Kyoto abounds with wonderful textile traditions that have been skillfully blended to create treasures like the 19th century kimono shown above, where the subtle use of dyes have created a wispy cloud-like texture as the background for this fabulous embroidered garden. In its day, such a kimono was probably worn by a lady-in-waiting of the imperial court, but is now the property of Kyoto National Museum.
Smaller exhibitions of embroidery shown at Shishu-Yakata, The Embroidery Museum and School of Kyoto include both modern and historical pieces. A 40-minute course in Japanese-style hand embroidery is offered at a nominal fee. The museum school also offer classes in making a Japanese pastry called Yatsuhachi-an, a fresh rice flour dough filled with sweetened bean paste.
The classical Japanese embroidery used to decorate kimono worn by members of the imperial court was adapted from techniques that spread from China and Korea some 12 to 13 hundred years ago and requires the mastery of approximately 46 different stitches or stitch combinations. These elegant embroideries are generally stitched with a fine silk filament on silk or a fine linen-like ramie and featuring birds, flowers or scenes from poetry or classical literature.

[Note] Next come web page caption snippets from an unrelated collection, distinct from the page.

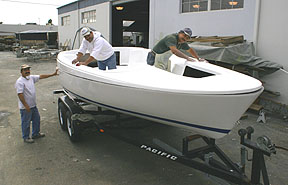 FinCo employees  finish work on a LEAR204 deck and hull.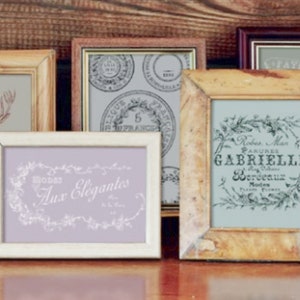 May include: A collection of six vintage-style picture frames in various colors and sizes. The frames are made of wood and have a distressed finish. The frames are arranged in a row on a wooden surface. The frames are empty, but they could be used to display photos, artwork, or other items.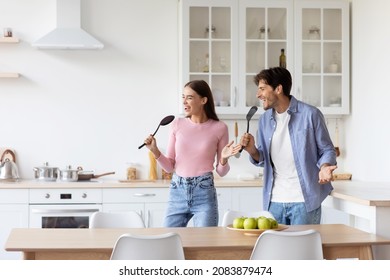 Satisfied Funny Attractive Millennial European Couple Have Fun, Singing At Imaginary Microphone, Preparing Food In Kitchen Interior. Joy And Cooking Together, Enjoy Weekend And Free Time, Copy Space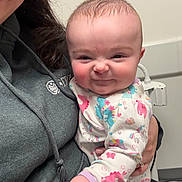 Octavia is registered to the contest to win money with this photo: baby, infant, child, smiling, scrunched_face, onesie, unicorn_print, parent, holding, indoor, clinic, portrait, close_up, hand, eyeglasses, hoodie, rosy_cheeks, playful_expression, cute, warm_clothing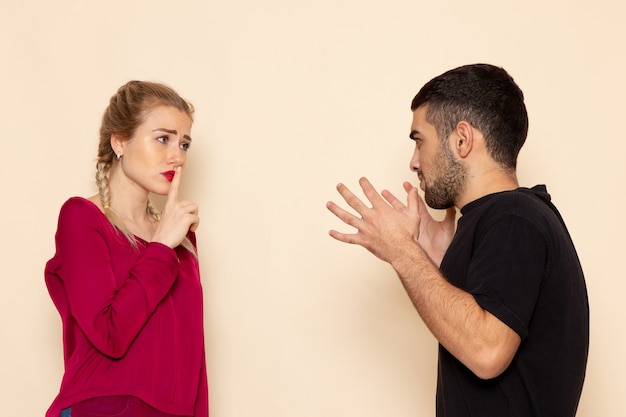 Front view young female in red shirt suffers from verbal violence on the cream space female cloth 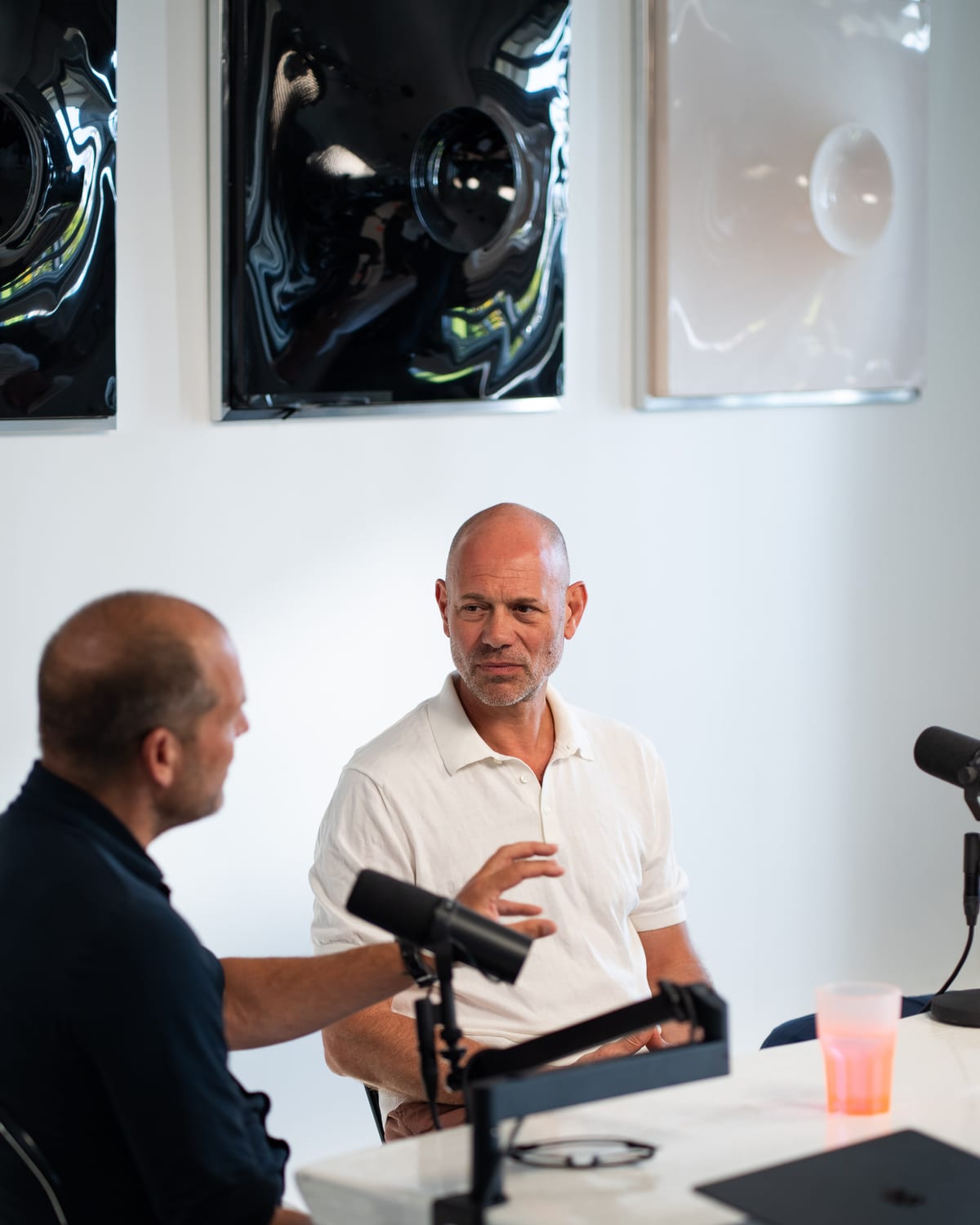 Niels Schillewaert in a white polo looks across the table as Kees Kruythoff, seen from behind, gestures on the Conveo podcast set at Cannes Lions 2026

Of course, there are also many other wonderful Japanese embroidery traditions such as sashiko and kogen that were used by farmers and fisherman to repair, reinforce or pad their clothing. These clothes were often made of coarse indigo-dyed hemp fabrics and stitched with a sturdy white thread, creating a special rustic beauty all their own. But I’ll save a discussion of that for another post.